The ‘W’ in the rating stands for Winter, and this refers to its cold-running viscosity rating. In this example, the oil will have a viscosity of a 10-grade oil at lower temperatures and a 40-grade oil at higher temperatures. But bear in mind that a 10W40 oil and a 20W40 oil will both have the same viscosity at the engine’s optimal operating temperature.
Oil manufacturers will also give a service rating for the oil. These ratings certify that the oil meets certain performance and quality criteria and has been tested for standards like high-temperature deposit protection and sludge control. These ratings are either issued by the American Petroleum Institute (API) or Association des Constructeurs Européensd’ Automobiles (ACEA).
The API standards for petrol engine oils have an ‘S-’ rating, while the diesel engine oils have a ‘C-’ rating.

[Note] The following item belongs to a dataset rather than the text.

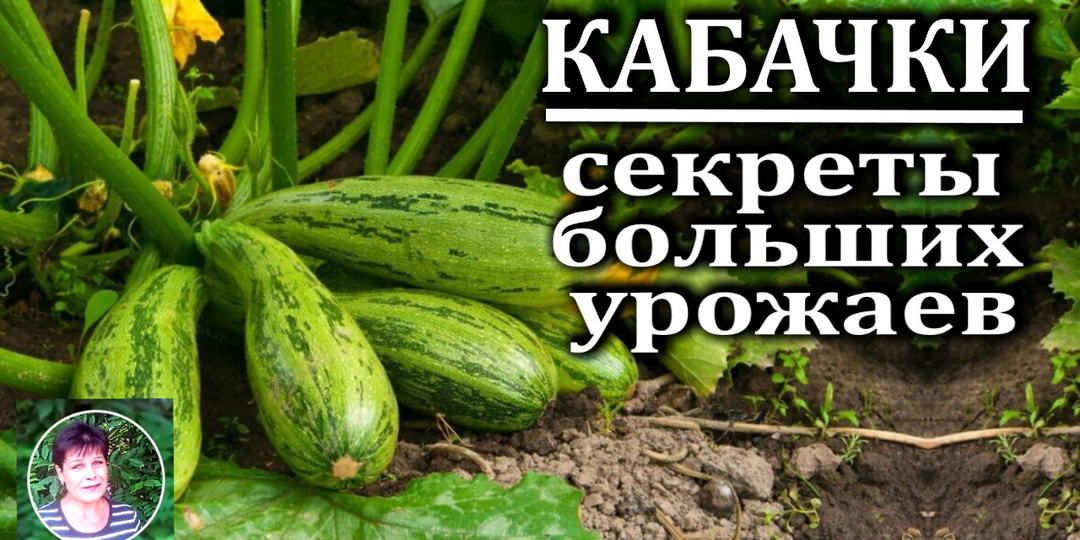 Секреты обильного плодоношения кабачков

The current highest ratings are SN and CF. The ACEA standards are ‘A-’ and ‘B-’ for petrol and diesel engine oils respectively, with the current highest ratings of A5 and B5. The ACEA also has a ‘C-’ rating for cars with Diesel Particulate Filters (DPF) and Three Way Catalysts, and the current highest rating is C4.
To know what grade and service rating of oil your car’s manufacturer has recommended, have a look at the car owner’s manual.
What’s in the can
The engine oil you buy is not as simple as promoted by manufacturers. A lot of research and development goes into it and the final product is a concoction of a lot of ingredients, especially mineral oils. Some of the important ones are:
* Base oil: The major part of any engine oil; this is what gives the engine oil its main characteristics. These base oils can be of two types; refined natural oil (mineral oil) or highly refined (synthetic oil). A mix of these two is also available (semi-synthetic or blended oil).

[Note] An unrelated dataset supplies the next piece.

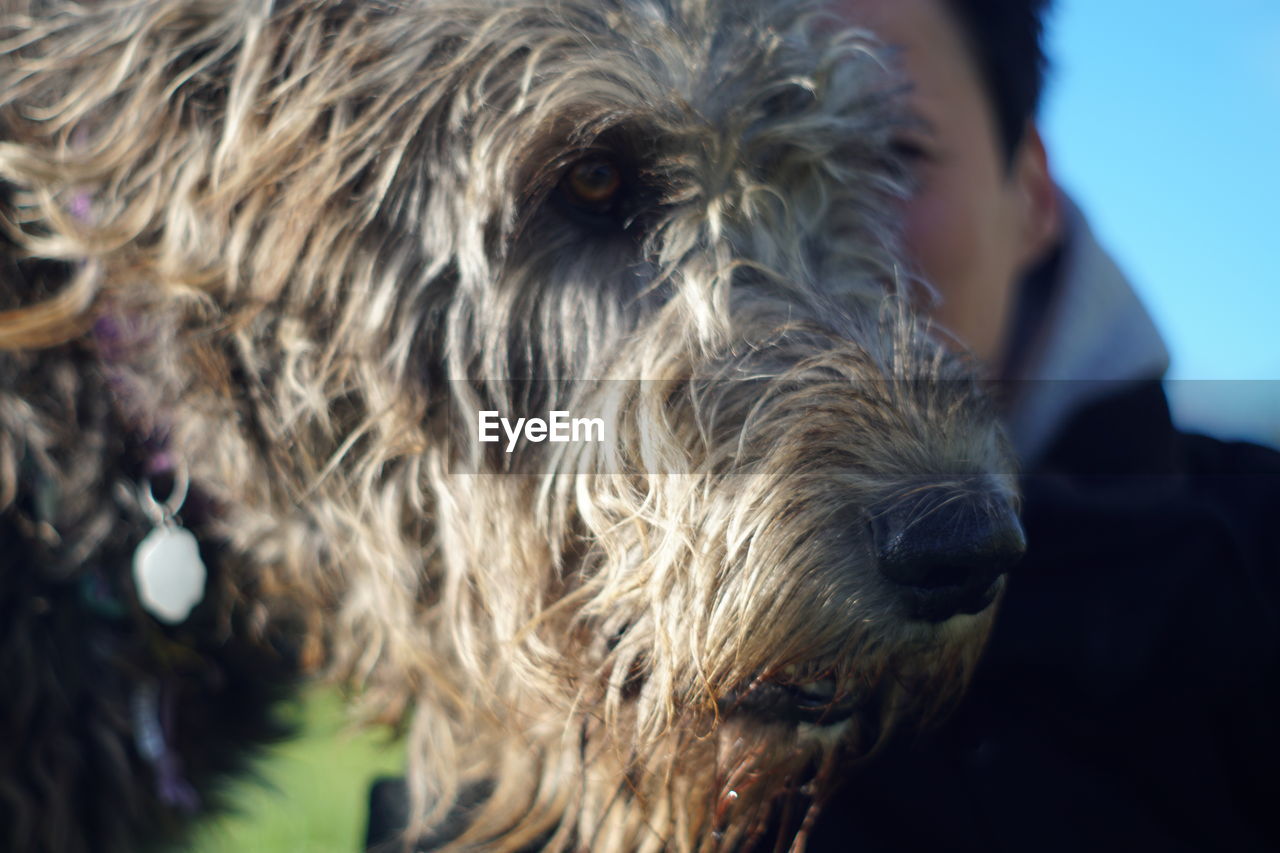 CLOSE-UP OF BROWN DOG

* Detergent: Yes, you read it right, there are detergents in the oil, but not the kind you wash clothes with. These are organic materials and can be either acidic or neutral in nature. These help clean the engine and prevent carbon deposits from taking a hold.
* Corrosion inhibitors: These protect the engine from getting corroded by oxygen, water and acids. The inhibitors stick to the engine and prevent the above mentioned from acting on the exposed metal surface.
* Viscosity index improvers: The physical properties of the oil change because of the change in temperature from a cold start to the optimum working temperature which can be around 100 degrees.
* Anti-oxidants: These constituents of the oil are meant to react with oxygen and prevent corrosion.
* Conditioners and friction reducers: These are wax-like in nature and stick to the engine to improve the lubricating effect of the oil.